Réponse : Cette banque, dont le siège est à Bâle, a été fondée en 1930 à l’occasion de la gestion des paiements des Réparations allemandes. Elle offre des prêts lorsqu’il y a des besoins urgents de liquidités et a été à l’origine d’un prodigieux développement des règlements internationaux.
" Les questions financières ont tout de même moins d’importance que les questions ‘’réelles’’ comme les ressources, la mobilité du travail, l’importance du chômage. D’autre part ne pensez vous pas que la zone Euro n’est pas une zone monétaire optimale? Comme la régulation politique des salaires est en définitive impraticable et que seuls les marchés y arrivent, ce que l’on répugne à accepter en zone Euro, cette zone ne peut pas fonctionner correctement ".
Réponse : Certes, vous touchez du doigt un point sensible. La logique européenne repose sur les " critères de convergence ". Mais heureusement la mobilité des capitaux et la flexibilité de l’emploi entre les activités secondaires se substituent à la mobilité du travail.
" Ne vaudrait-il pas mieux garder les différentes monnaies? Car les salaires sont psychologiquement beaucoup plus difficiles à adapter que les taux de change et nous allons ainsi perdre des paramètres commodes d’ajustement ".

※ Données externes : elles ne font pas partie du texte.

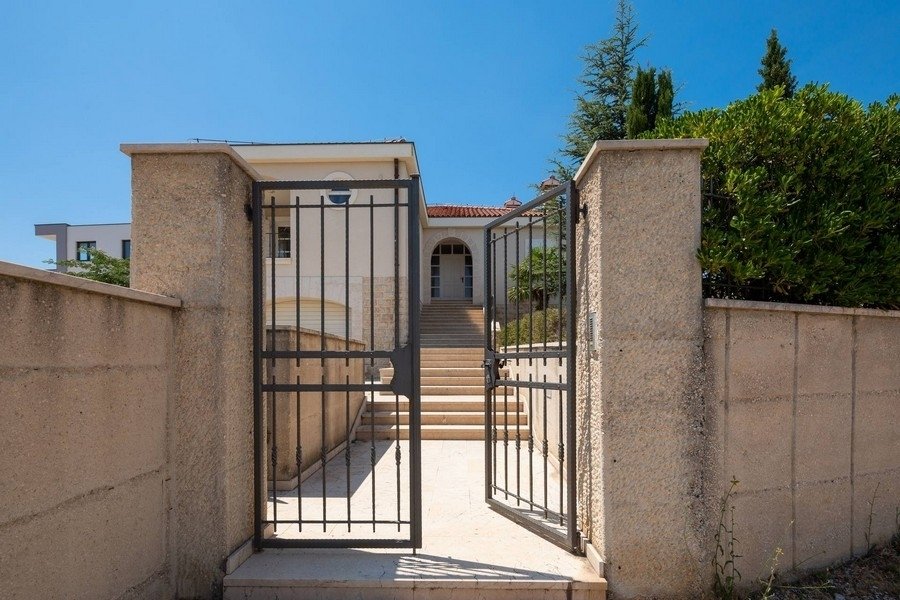 Villa in Vodice, Sibenik-Knin County, Croatia 4 - 16849034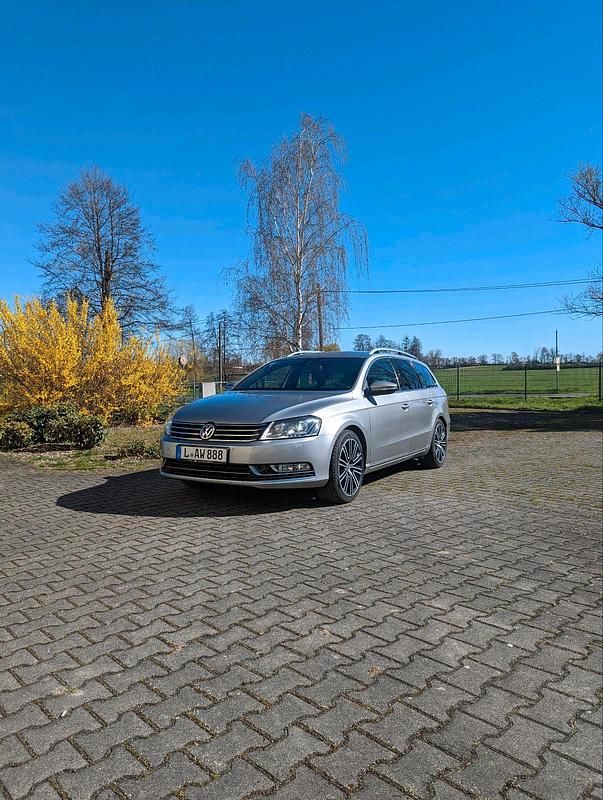 Gebraucht VW Passat 176 PS (129 kW) 2014 Grau Kombi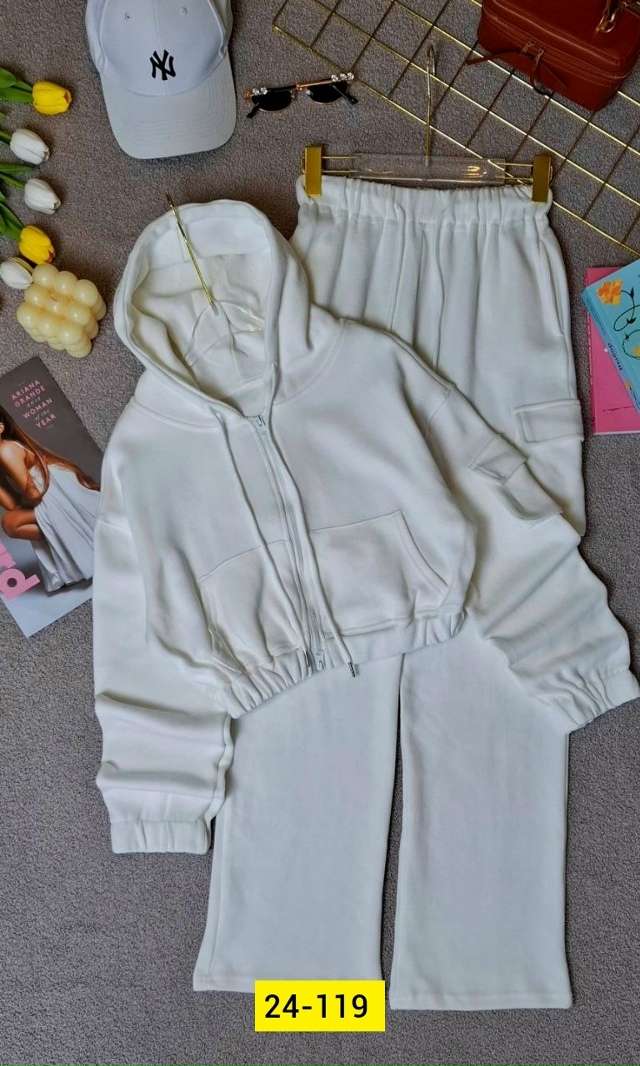 Костюм 23137653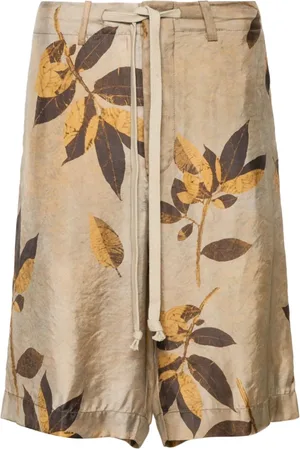 UMA WANG Shorts con ramas estampadas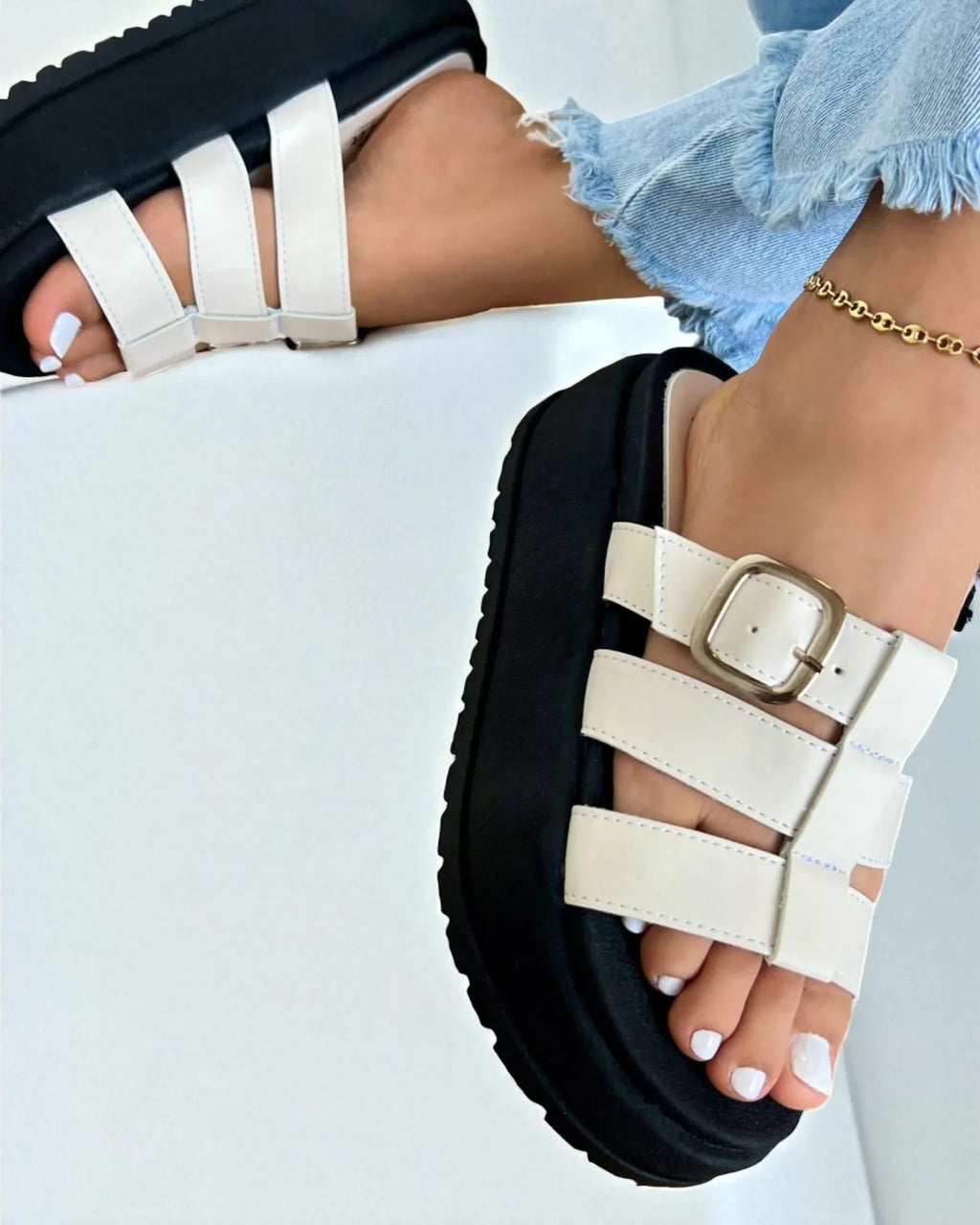 Sandalia Aura| Sandalias Femeninas Plataforma Cómoda y Moderna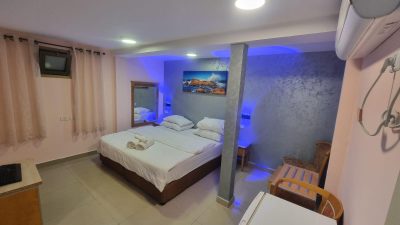 צימר לפי שעה בירושלים – מיטה עם מזרן אורטופדי נוח בחדר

La réponse commence par un petite discussion entre les deux interlocuteurs sur la comparaison des budgets fédéraux européens et américains, le premier est de toute façon beaucoup plus petit que le second. Puis Mr Aglietta souligne que l’union monétaire est un choix à long terme d’intégration qui transforme les économies nationales et réduit les écarts de revenus entre les pays. Les disparités structurelles concernent plus les régions que les pays. La réponse à ces problèmes est essentiellement politique. Elle dépend de l’ampleur et de l’allocation des fonds structurels.
La question suivante aborde les problèmes démographiques, on ne peut plus continuer comme cela , il va fatalement falloir prendre des mesures.
Réponse : N’attendez pas de mesures avant les élections européennes de Juin, mais après il y aura sûrement des mesures difficiles, comme une inévitable augmentation progressive de l’âge de la retraite, telle que suggérée par le rapport du Conseil Général au Plan.
"La domination des marchés financiers et l’importance des fonds de pensions n’entraînent-elles pas une instabilité des fluctuations boursières. Y a t-il un risque de dépression? ".
Réponse : Cela peut arriver, ainsi en Octobre dernier lors de la crise russe on a pu craindre une perte généralisée de la confiance. Il est heureux que l’intervention bénéfique de Mr Greenspan ait été si efficace. On peut penser qu’en Europe le risque est faible grâce aux possibilités de " prêteur en dernier ressort " de la part de la banque centrale.
" Pensez vous que l’Euro va aboutir à la fin de l’hégémonie américaine? ".
Mr Aglietta commence sa réponse avec quelques exemples tirés de la fin des hégémonies espagnoles et anglaises puis souligne les différences avec la situation américaine. Celle-ci est, pour le moment, fondamentalement saine. Cette réponse attire les objections des démographes car de ce point de vue l’Amérique évolue rapidement dans un sens défavorable.
Une question sur les mouvements de capitaux.
Réponse : Ces mouvements sont aujourd’hui multipliés par le nombre des intermédiaires et par les allers-retours rapides dus aux arbitrages. Reconnaissons qu’ils atteignent jusqu’à 800 milliards de dollars par jours et qu’ils risquent de provoquer des avalanches en cas de crise comme cela s’est produit à l’automne 1997 en Asie.
" Etes vous favorable à la taxe Tobin ? ".
Réponse : Non, cela n’empêche pas les crises et ne les résout pas. Ainsi après la crise du Système Monétaire Européen de Septembre 1992, la Suède a cru s’en sortir en montant les taux jusqu’à 500% mais cette première mesure n’a pas été efficace. Le contrôle des liquidités, méthode employée au Chili, est bien meilleur.